Am 1. August beginnt für Luca Macri ein neues Kapitel: Der 17-Jährige startet in das Berufsleben. Dass er überhaupt so weit gekommen ist, war vor einigen Jahren kaum vorstellbar. Denn Luca ist einer von vielen Jugendlichen, die mit dem klassischen Schulsystem Probleme hatten.

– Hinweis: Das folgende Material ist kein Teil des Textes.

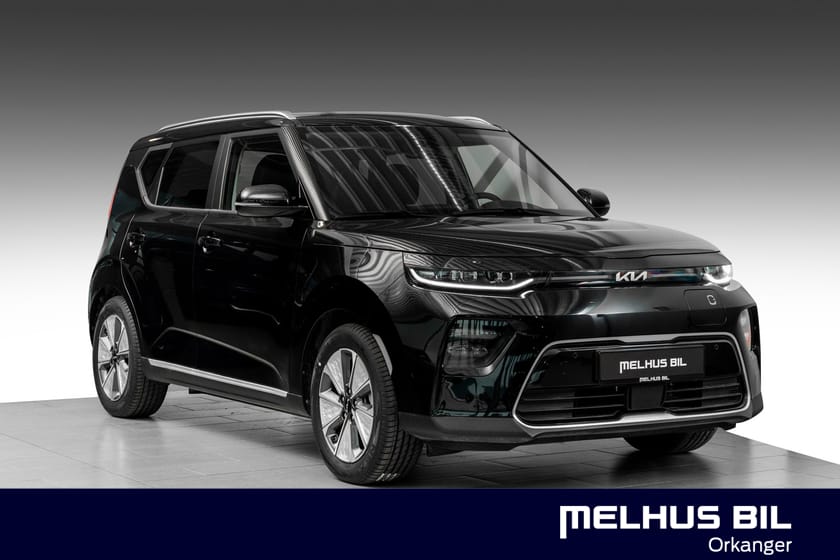 Bilde 1 av Kia e-Soul Exclusive SJEKK KM!•TOPPUTSTYRT•7 ÅR GARANTI•FRI FRAKT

„Als ich hierhergekommen bin, war ich ein ziemlicher Katastrophenschüler“, erzählt Luca. Mit „hier“ meint er das Projekt „Kopf Herz Hand“, das in Friedrichshafen angesiedelt ist. Die Einrichtung ist eine Anlaufstelle für Schulverweigerer im Bodenseekreis. „Wir sind eine offizielle Mischform aus Schule und Jugendhilfe“, erklärt Jens Weigand, Lehrer und Leiter der Einrichtung.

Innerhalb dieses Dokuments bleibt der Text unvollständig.